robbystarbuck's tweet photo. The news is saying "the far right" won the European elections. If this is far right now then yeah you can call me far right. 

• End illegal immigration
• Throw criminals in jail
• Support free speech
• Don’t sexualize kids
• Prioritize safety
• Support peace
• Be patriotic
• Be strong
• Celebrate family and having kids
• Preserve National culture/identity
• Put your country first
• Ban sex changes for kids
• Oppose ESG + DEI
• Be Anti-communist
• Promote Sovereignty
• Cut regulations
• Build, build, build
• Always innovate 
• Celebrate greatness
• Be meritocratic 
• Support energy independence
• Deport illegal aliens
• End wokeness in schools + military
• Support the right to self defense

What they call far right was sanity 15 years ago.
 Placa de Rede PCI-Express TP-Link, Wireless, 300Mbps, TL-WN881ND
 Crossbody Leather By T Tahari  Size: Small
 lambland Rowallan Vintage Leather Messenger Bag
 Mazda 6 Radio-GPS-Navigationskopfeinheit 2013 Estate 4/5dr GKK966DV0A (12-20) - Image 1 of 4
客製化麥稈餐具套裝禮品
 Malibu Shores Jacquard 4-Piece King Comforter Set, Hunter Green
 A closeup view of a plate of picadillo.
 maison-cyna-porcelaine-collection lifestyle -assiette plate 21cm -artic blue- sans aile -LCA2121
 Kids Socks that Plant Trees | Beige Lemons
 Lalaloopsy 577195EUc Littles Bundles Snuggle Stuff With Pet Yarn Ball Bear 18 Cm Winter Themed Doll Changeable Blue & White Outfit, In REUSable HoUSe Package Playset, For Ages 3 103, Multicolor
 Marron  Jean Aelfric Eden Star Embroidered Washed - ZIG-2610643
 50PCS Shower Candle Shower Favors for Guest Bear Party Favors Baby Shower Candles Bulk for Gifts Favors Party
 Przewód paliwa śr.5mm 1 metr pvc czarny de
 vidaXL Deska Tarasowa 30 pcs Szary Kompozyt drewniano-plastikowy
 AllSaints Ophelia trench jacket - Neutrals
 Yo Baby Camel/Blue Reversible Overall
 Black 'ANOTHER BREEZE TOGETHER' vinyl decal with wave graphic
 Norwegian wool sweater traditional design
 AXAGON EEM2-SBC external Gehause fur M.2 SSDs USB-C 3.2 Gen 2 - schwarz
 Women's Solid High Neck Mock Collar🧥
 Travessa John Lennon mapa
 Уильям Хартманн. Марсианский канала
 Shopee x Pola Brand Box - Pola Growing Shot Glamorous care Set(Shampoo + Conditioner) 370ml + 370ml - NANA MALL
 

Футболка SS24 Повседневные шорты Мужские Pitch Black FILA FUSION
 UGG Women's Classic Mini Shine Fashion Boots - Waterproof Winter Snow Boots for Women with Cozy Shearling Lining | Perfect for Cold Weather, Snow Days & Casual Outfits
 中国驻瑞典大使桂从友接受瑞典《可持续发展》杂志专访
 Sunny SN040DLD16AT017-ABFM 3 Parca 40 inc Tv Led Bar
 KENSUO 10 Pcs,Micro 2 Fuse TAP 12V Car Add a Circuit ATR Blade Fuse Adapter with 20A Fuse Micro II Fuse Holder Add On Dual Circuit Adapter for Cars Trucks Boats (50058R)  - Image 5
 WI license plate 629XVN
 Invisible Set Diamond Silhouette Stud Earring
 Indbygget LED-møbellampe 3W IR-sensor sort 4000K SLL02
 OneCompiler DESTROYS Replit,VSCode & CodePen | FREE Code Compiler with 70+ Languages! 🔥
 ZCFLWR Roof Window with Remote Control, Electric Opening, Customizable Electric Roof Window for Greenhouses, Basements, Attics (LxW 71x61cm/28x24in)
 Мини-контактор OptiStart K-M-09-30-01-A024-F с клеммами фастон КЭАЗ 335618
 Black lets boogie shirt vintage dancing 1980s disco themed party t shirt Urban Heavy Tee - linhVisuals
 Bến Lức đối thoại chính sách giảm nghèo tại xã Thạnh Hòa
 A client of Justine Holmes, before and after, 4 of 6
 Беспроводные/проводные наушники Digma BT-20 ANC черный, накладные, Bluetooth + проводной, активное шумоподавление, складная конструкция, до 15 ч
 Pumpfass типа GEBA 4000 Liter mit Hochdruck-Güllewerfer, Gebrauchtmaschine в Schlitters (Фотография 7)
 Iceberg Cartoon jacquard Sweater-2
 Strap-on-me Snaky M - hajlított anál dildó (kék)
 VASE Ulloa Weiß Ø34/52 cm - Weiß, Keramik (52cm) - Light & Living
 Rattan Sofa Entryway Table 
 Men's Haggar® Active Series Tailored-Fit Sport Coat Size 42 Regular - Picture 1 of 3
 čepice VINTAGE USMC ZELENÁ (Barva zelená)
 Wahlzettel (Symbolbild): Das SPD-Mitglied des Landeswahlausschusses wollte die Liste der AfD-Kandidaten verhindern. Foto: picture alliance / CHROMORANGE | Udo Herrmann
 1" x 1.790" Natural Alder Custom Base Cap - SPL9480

INSTRUCTIONS FOR THE TASK
Look above for the line holding "A client of". Print it and every line after it, exactly, through the line holding "Rattan Sofa Entryway Table".

EXPECTED ANSWER
 A client of Justine Holmes, before and after, 4 of 6
 Беспроводные/проводные наушники Digma BT-20 ANC черный, накладные, Bluetooth + проводной, активное шумоподавление, складная конструкция, до 15 ч
 Pumpfass типа GEBA 4000 Liter mit Hochdruck-Güllewerfer, Gebrauchtmaschine в Schlitters (Фотография 7)
 Iceberg Cartoon jacquard Sweater-2
 Strap-on-me Snaky M - hajlított anál dildó (kék)
 VASE Ulloa Weiß Ø34/52 cm - Weiß, Keramik (52cm) - Light & Living
 Rattan Sofa Entryway Table 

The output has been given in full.